### WORK TASK
When writing out the entries below, keep only the lines from the line with "Продажа чемоданов и" to the line with "Guests arrive via", both included, exactly as they are, and leave the pictures aside.

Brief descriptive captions
+ + + +

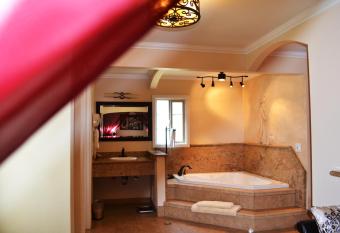 Chardonnay Lodge has rooms with a private hot tub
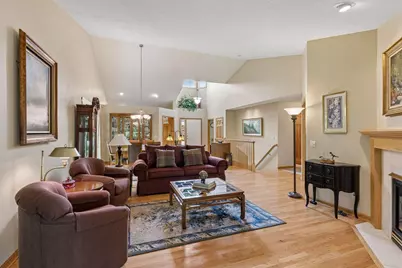 10426 Eagle Pointe Circle, Woodbury, MN 55129 - Photo 12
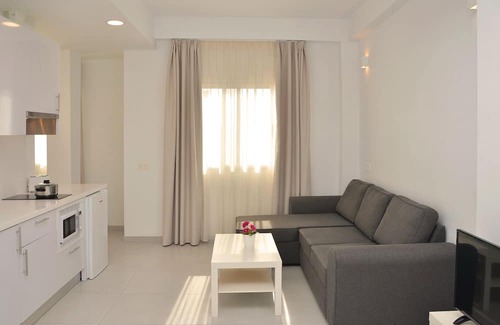 Santa Cruz de Tenerife Apartment | 30m2 distributed in cozy open and bright spaces.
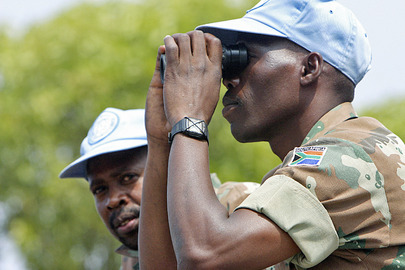 ONUB - uczestnicy misji ONUB podczas ćwiczeń wojskowych w prowincji Bużumbura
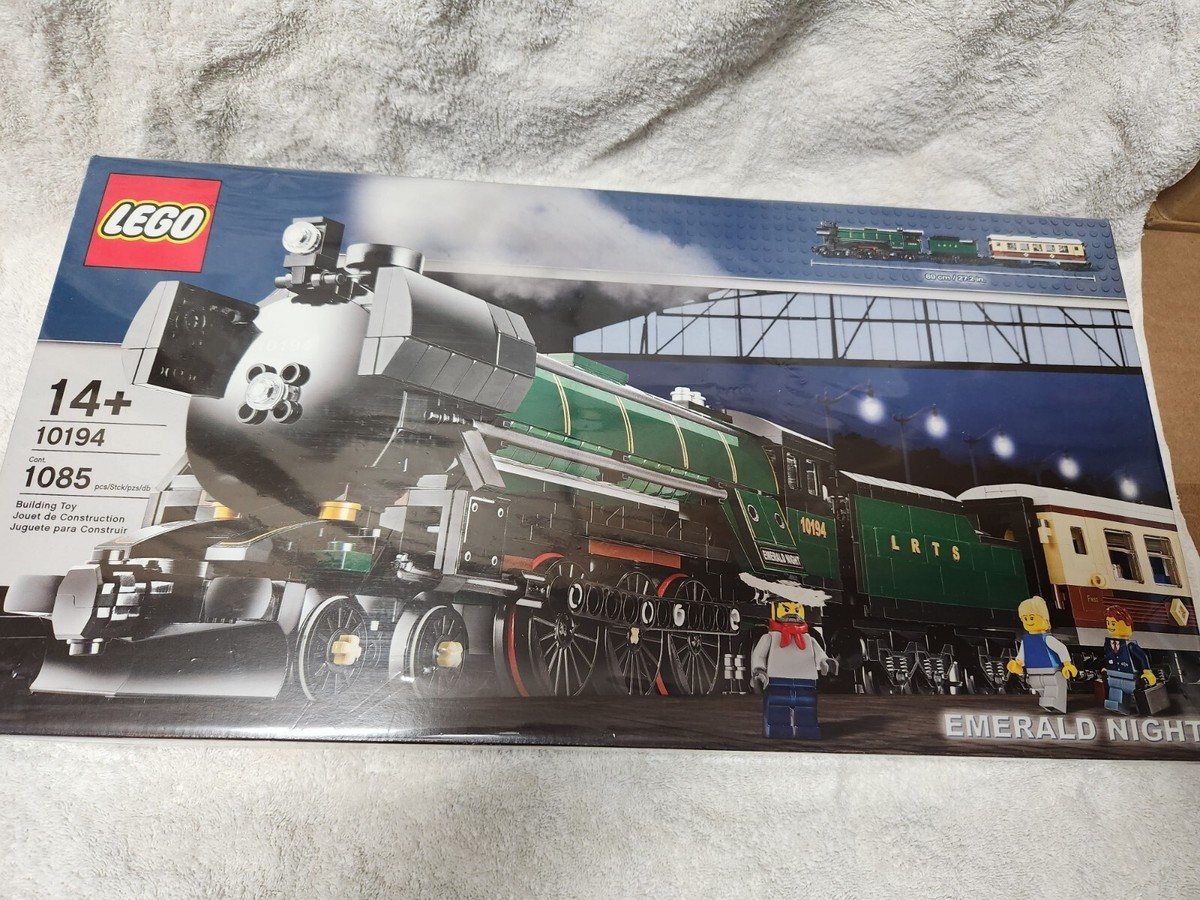 LEGO 10194 Trains Emerald Night 2009 NEW sealed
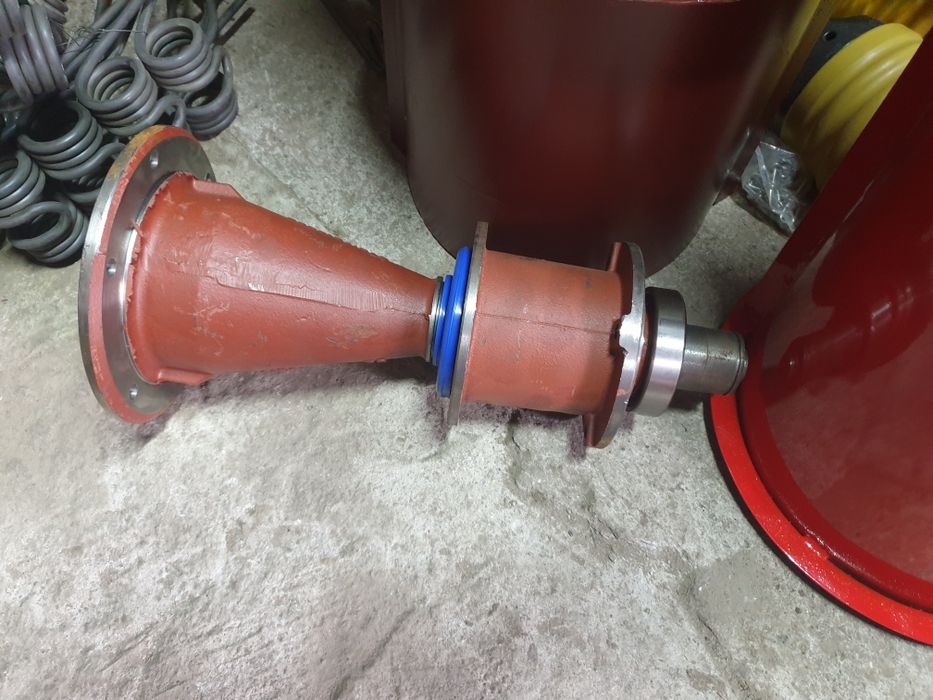 Piasta kompletna kosiarki rotacyjnej Słupica ułożyskowanie Produkt Pol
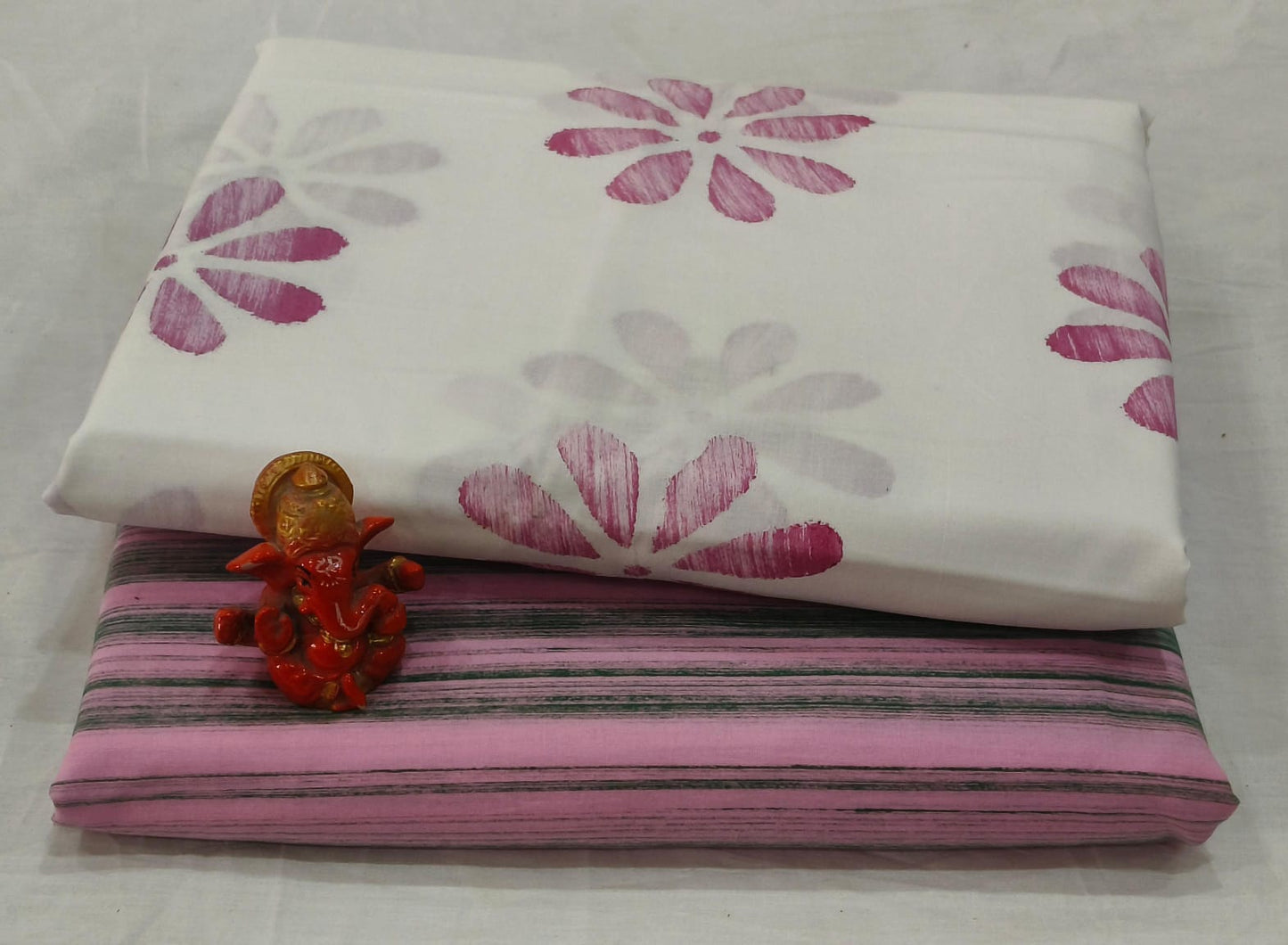 Pure cotton top and bottom set (2.5 mtr top, 2.5 mtr bottom)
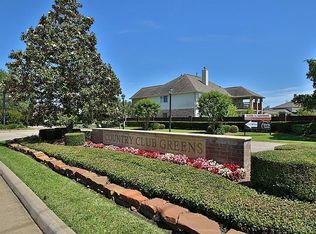 11227 Country Club Green Dr, Tomball, TX 77375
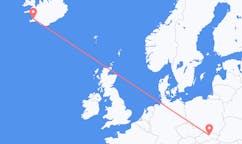 Flyreiser fra byen Reykjavik, Island til byen Poprad, Slovakia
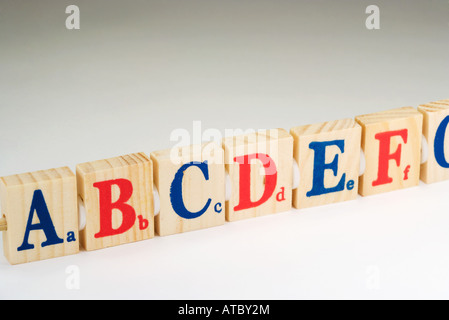 Alphabet en bois blocs dans une rangée, close-up Banque D'Images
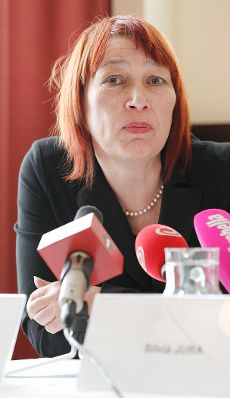 Am 14. M&auml;rz 2011 fand im Cafe Griensteidl die Pressekonferenz zur gro&szlig;en Frauentagsdemo am 19. M&auml;rz statt. Im Bild Rechtsanw&auml;ltin Gabriele Vana-Kowarzik.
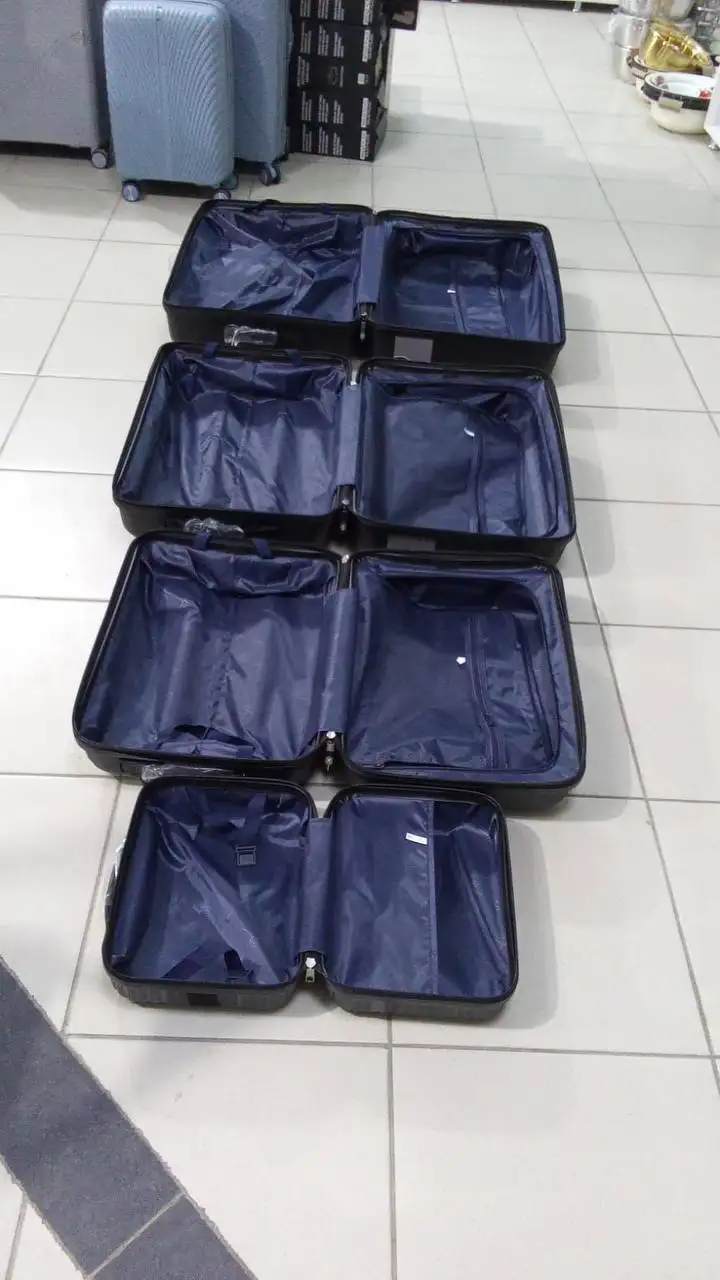 Продажа чемоданов и кейсов разных размеров - Сумки и чемоданы (Барахолка) в Орск-Новотроицк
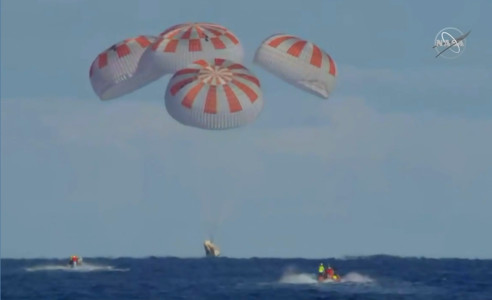▲▼回來了！SpaceX可載人「龍飛船2號」降落佛州海岸 　歐巴馬：恭喜成真。（圖／翻攝自NASA）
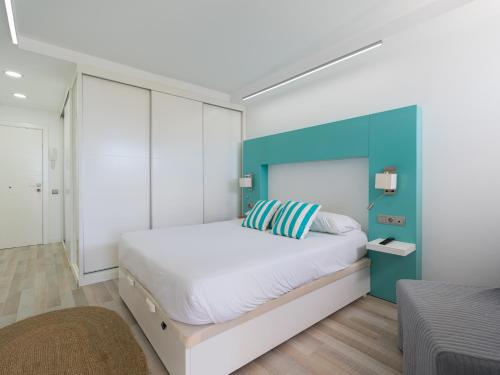 Aguila Beach Ocean View By CanariasGetaway في سان بارتولومي: غرفة نوم مع سرير كبير مع اللوح الأمامي الأزرق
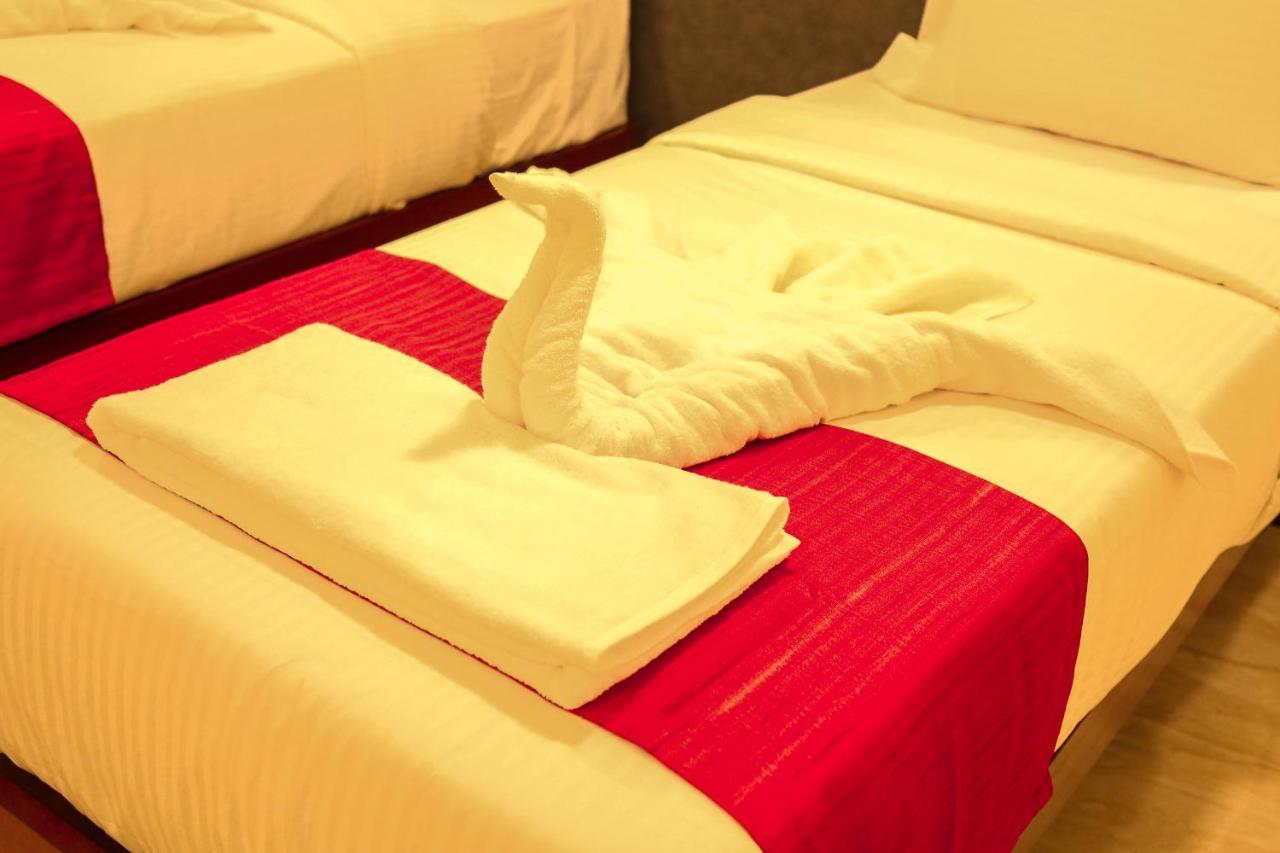 Hotel Sera Grand Chennai Extérieur photo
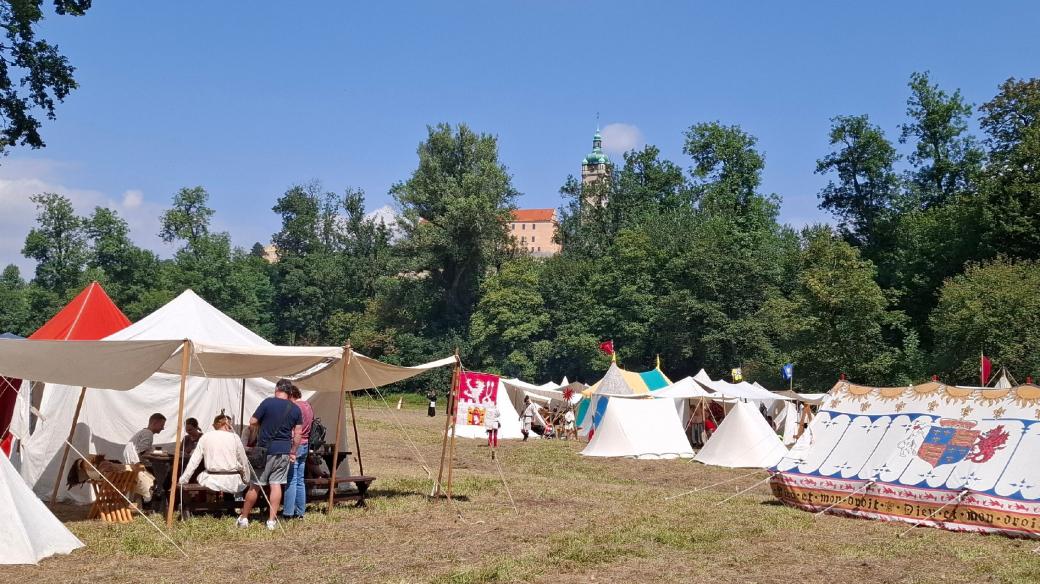 Pohled na vojenský tábor, ve kterém se rytíři připravují na boj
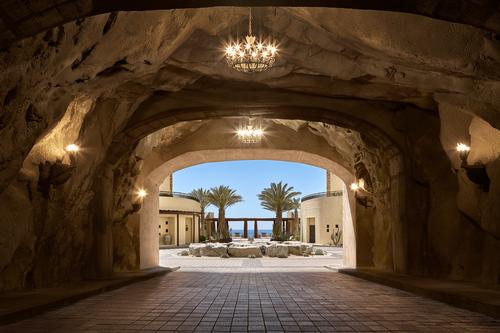 Guests arrive via the 984ft (300m) long Dos Mares Tunnel / Hilton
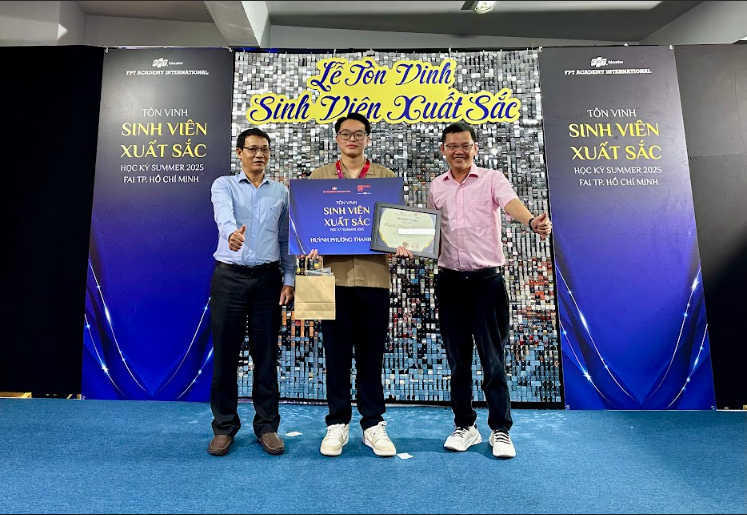 Sinh viên xuất sắc kỳ Summer 2025 - Huỳnh Phương Thanh Phát: Không ngừng học hỏi, không ngại thay đổi, không bỏ cuộc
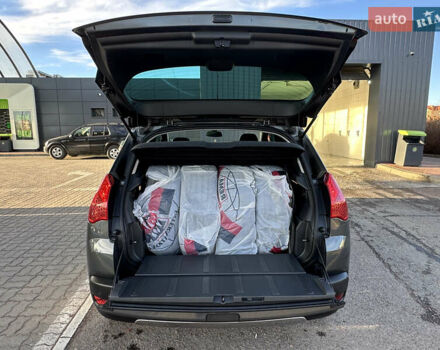 Серый Пежо 3008, объемом двигателя 1.56 л и пробегом 263 тыс. км за 9150 $, фото 55 на Automoto.ua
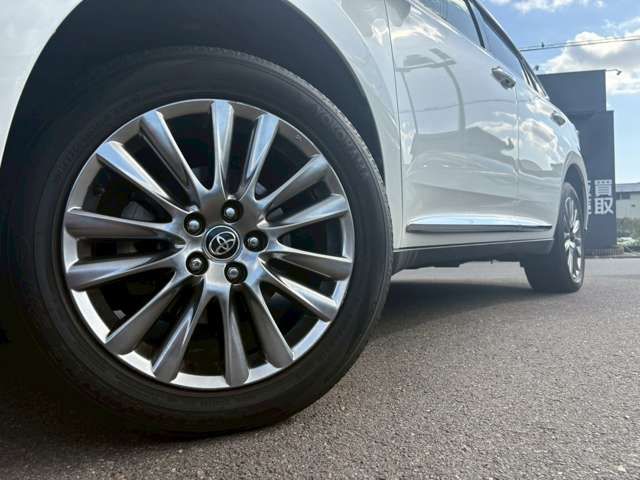 TOYOTA HARRIER HYBRID 2015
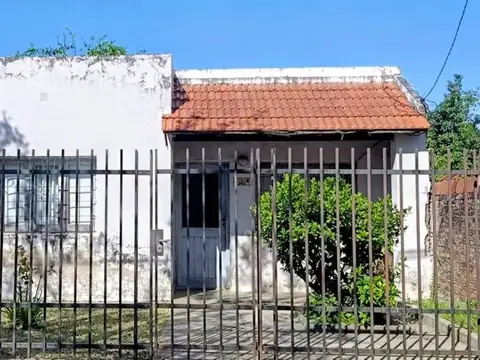 Casa en Mitre, Barrio Parque Reconquista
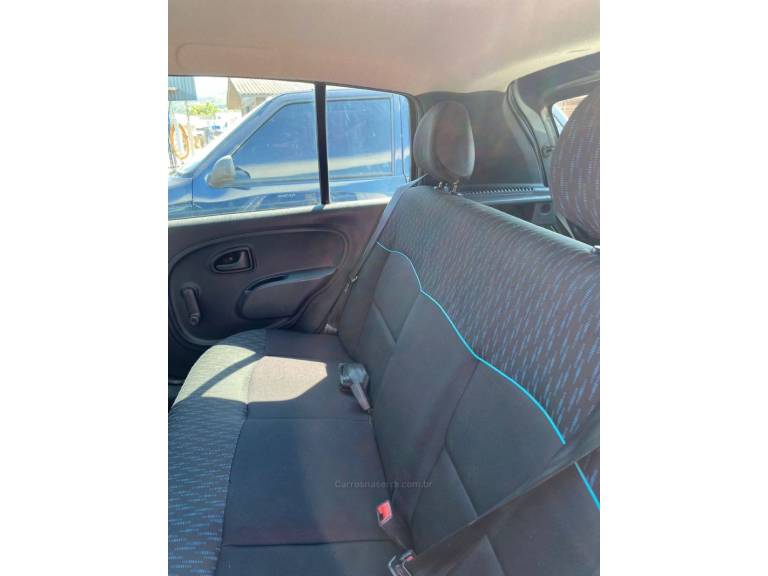RENAULT - CLIO - 2015/2015 - Cinza - R$ 31.900,00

+ + + +

### RESULT OF THIS TASK
 Продажа чемоданов и кейсов разных размеров - Сумки и чемоданы (Барахолка) в Орск-Новотроицк
▲▼回來了！SpaceX可載人「龍飛船2號」降落佛州海岸 　歐巴馬：恭喜成真。（圖／翻攝自NASA）
 Aguila Beach Ocean View By CanariasGetaway في سان بارتولومي: غرفة نوم مع سرير كبير مع اللوح الأمامي الأزرق
 Hotel Sera Grand Chennai Extérieur photo
 Pohled na vojenský tábor, ve kterém se rytíři připravují na boj
 Guests arrive via the 984ft (300m) long Dos Mares Tunnel / Hilton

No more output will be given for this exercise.